Вопреки ожиданиям, на улице не стало легче. Беда приближалась, я чувствовал её холодное дыхание и руку, протянутую, чтобы схватить меня за сердце. Вот-вот должно была что-то произойти.
Нервно оглядываясь, я двигался к полицейскому участку, когда меня окликнул вопль, раздавшийся с той стороны, куда я посмотрел парой секунд ранее.
– Мужчинка! Детектив!
Голос был женский, резкий и смутно знакомый. Я быстро обернулся и увидел в глубине улицы чёрный размытый силуэт. Женщина бежала мне навстречу, с каждым шагом её образ становился всё чётче. Я узнал её даже раньше, чем разглядел, достаточно было вспомнить про «мужчинку».
Ивелин… Мать Мерка…
Ощущение беды стиснуло сердце уже по-свойски, без всяких предварительных ухаживаний. Я против воли зарычал сквозь зубы, вот только раздался лишь тихий свист.
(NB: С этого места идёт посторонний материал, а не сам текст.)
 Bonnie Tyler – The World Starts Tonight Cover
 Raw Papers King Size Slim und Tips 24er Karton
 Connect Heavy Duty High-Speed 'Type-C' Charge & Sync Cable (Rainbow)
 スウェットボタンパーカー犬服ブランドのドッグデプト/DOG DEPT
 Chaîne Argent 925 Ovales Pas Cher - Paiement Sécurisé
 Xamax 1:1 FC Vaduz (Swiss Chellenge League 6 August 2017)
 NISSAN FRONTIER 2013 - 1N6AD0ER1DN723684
– Что с ним случилось? – спросил я, когда женщина подошла ближе. – Что с Мерком?
– С ним?..
Она помедлила. Ещё секунду назад Ивелин шла ко мне целеустремлённо, словно только я мог спасти её. Или же оказаться тем виновным, который ответит за всё преступления. Но сейчас она рассеяно и растеряно озиралась вокруг, не замечая меня. Казалось, женщина не может понять, как она здесь очутилась.
– Ты не знаешь…
Это был не вопрос, а констатация. Ивелин развернулась, плечи поникли. Мне показалось, что сейчас я услышу рыдания, но вместо этого раздался лишь сухой кашель. Только в тот момент я понял, что женщина без маски. Вот и надышалась песком, пока бежала сюда.
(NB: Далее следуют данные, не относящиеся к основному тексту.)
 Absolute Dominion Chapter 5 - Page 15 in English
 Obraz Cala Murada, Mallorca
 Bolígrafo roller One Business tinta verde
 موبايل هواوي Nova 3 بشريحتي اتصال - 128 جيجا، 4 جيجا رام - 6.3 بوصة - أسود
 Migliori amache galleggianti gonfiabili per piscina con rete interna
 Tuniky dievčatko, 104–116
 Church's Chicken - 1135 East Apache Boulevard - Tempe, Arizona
– Давайте зайдём в управление, и вы мне всё расскажете, хорошо? – я старался говорить спокойно, потому что только это и мог сделать. Не оплакивать же Мерка, пока не ясно точно, что именно случилось.
Женщина ничего не ответила, но позволила мне обхватить её за плечи и увести внутрь. Пока мы шли, я чувствовал, что это будет ещё один долгий рассказ. И затронет он не только исчезновение Мерка, но и многое другое.
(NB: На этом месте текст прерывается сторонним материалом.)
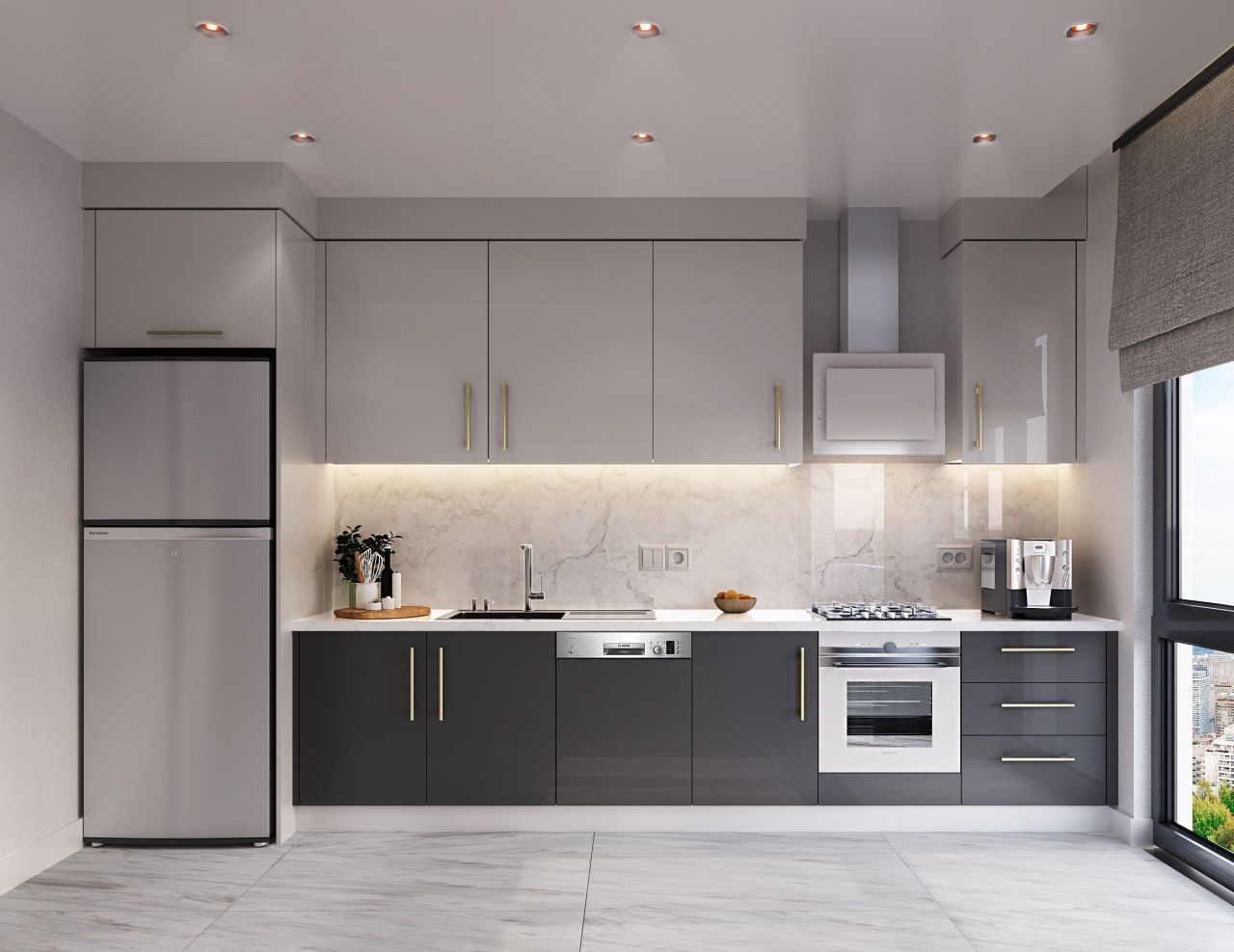 Appartamento a Istanbul, Turchia, 151 m² - foto 14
В этом городе, где никто и ни во что не верил, людям так не хватало исповедника. Может быть, его с успехом мог бы заменить психолог, но и таковых в Медине почему-то не водилось.
Приходилось за всех отдуваться детективу Грабовски…
Интерлюдия: Ивелин
Её зовут Ивелин Глосс, и она знает, что должна прожить эту жизнь только для себя.
Знает, когда ей всего три года, и все вокруг умиляются её походке, её улыбке, её словам, которые считают необычайно рассудительными для столь малого возраста. Ивелин специально подбирает эти слова. Подслушивает у взрослых и коллекционирует, как иные дети собирают кукол или красивые камешки.
Если хочешь жить для себя, то все вокруг должны считать тебя необыкновенной. Вот Ивелин и старается, чтобы жизнь продолжалась весёлым балаганом, потаканием её капризам, умилением, покупками, игрушками и так далее.
Когда в её жизни появляется маленький брат, она ненавидит его всей душой, ведь теперь до неё нет никому дела. Ивелин преувеличивает, как это любит делать каждый ребёнок и большинство взрослых, но контраст между прошлым обожанием и нынешними жалкими остатками разителен.
Ивелин молится. Искренне, с верой в чудо. Расчётливо, с обещаниями, которые реально выполнить. Самозабвенно, с одержимостью в голосе. Спрятавшись в самом тёмном углу, забившись туда, куда не проникает свет, она поднимает глаза к небу, которого не видит, и просит о том, о чём не должна просить.